DATA BELOW:
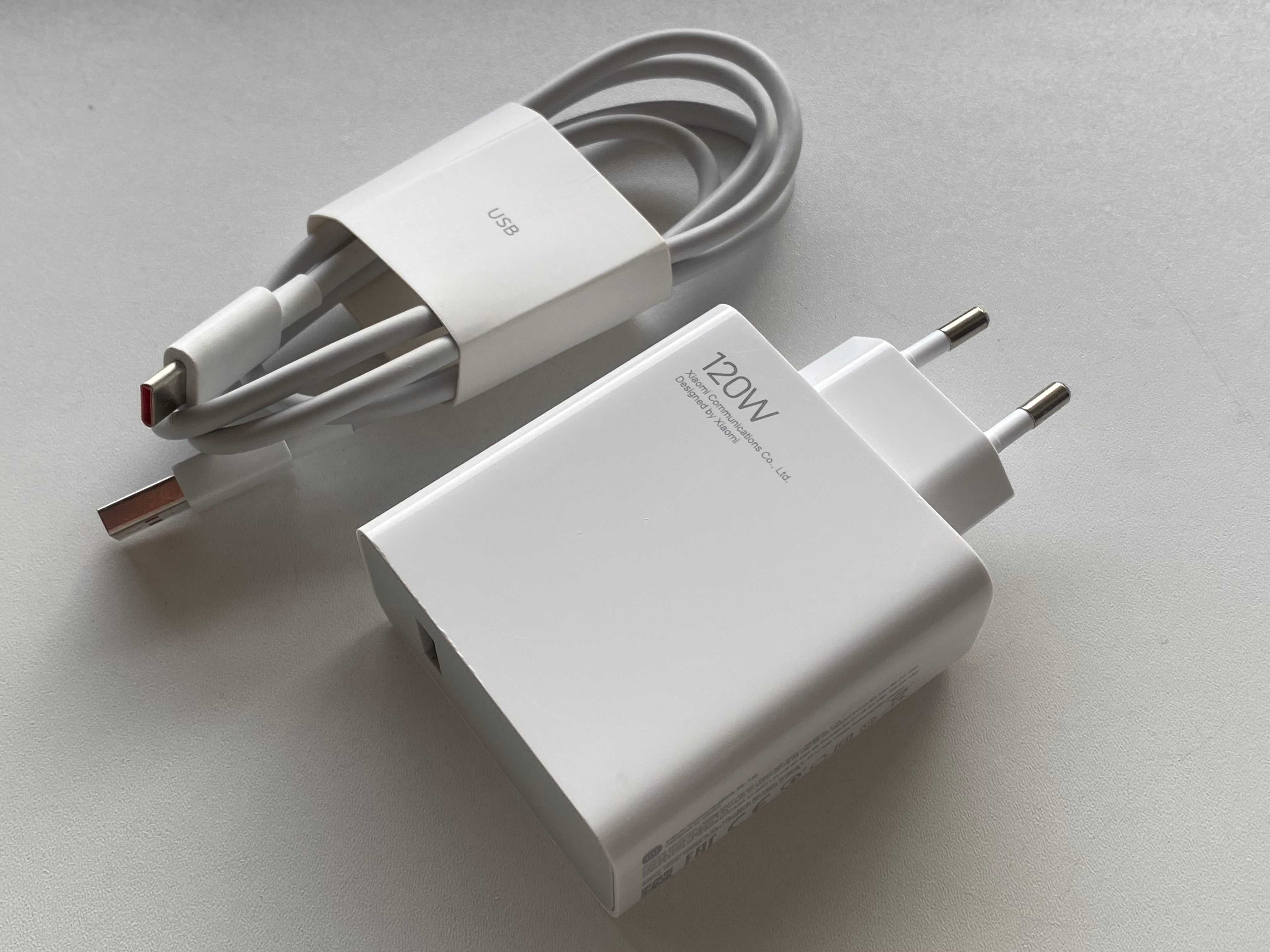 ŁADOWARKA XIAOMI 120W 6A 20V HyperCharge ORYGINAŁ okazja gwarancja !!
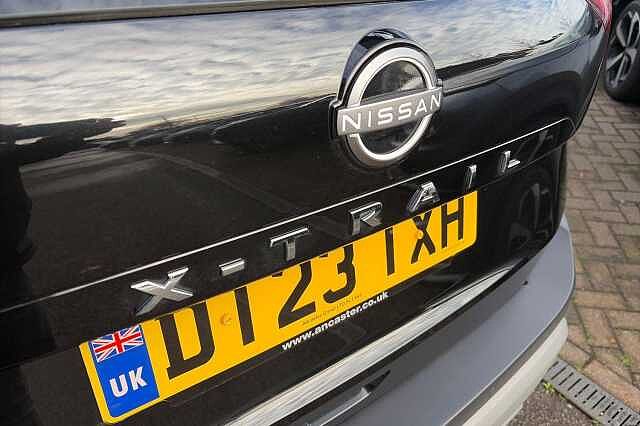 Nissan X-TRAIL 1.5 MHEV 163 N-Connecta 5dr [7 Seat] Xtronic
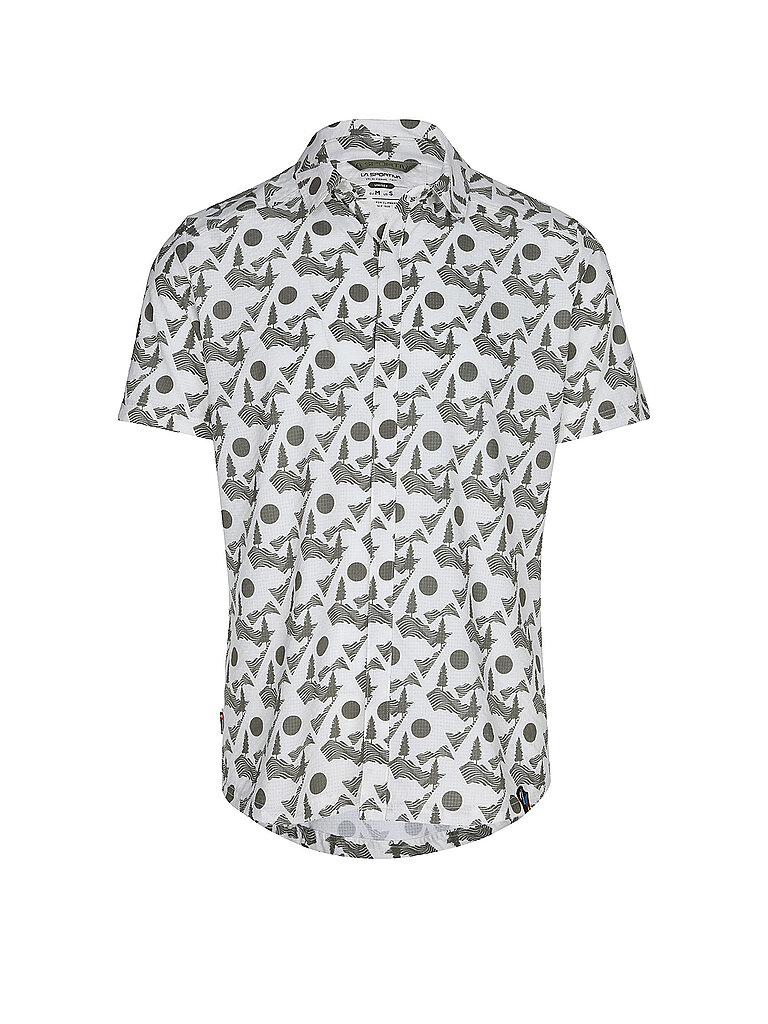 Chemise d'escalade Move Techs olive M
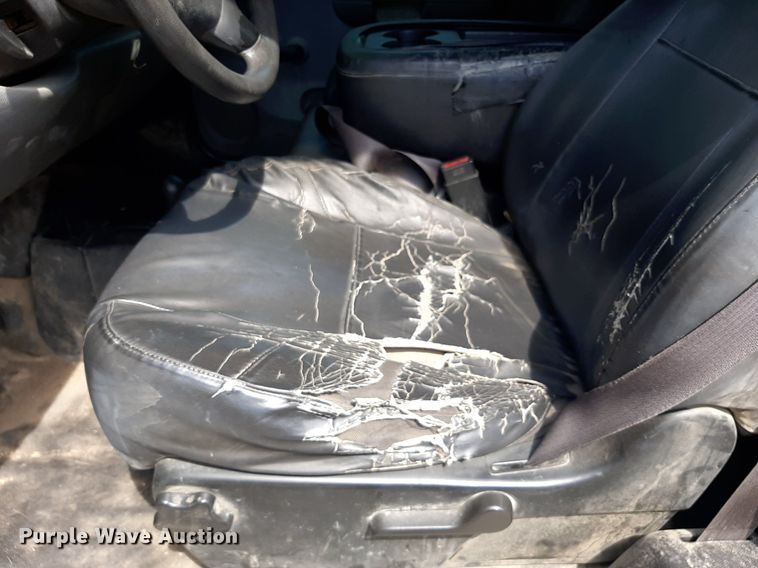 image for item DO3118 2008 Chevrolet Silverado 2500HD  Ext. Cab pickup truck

TASK DIRECTIONS:
All of the material above must be given again verbatim, except for the pictures.

COMPLETED EXERCISE:
 ŁADOWARKA XIAOMI 120W 6A 20V HyperCharge ORYGINAŁ okazja gwarancja !!
 Nissan X-TRAIL 1.5 MHEV 163 N-Connecta 5dr [7 Seat] Xtronic
 Chemise d'escalade Move Techs olive M
 image for item DO3118 2008 Chevrolet Silverado 2500HD  Ext. Cab pickup truck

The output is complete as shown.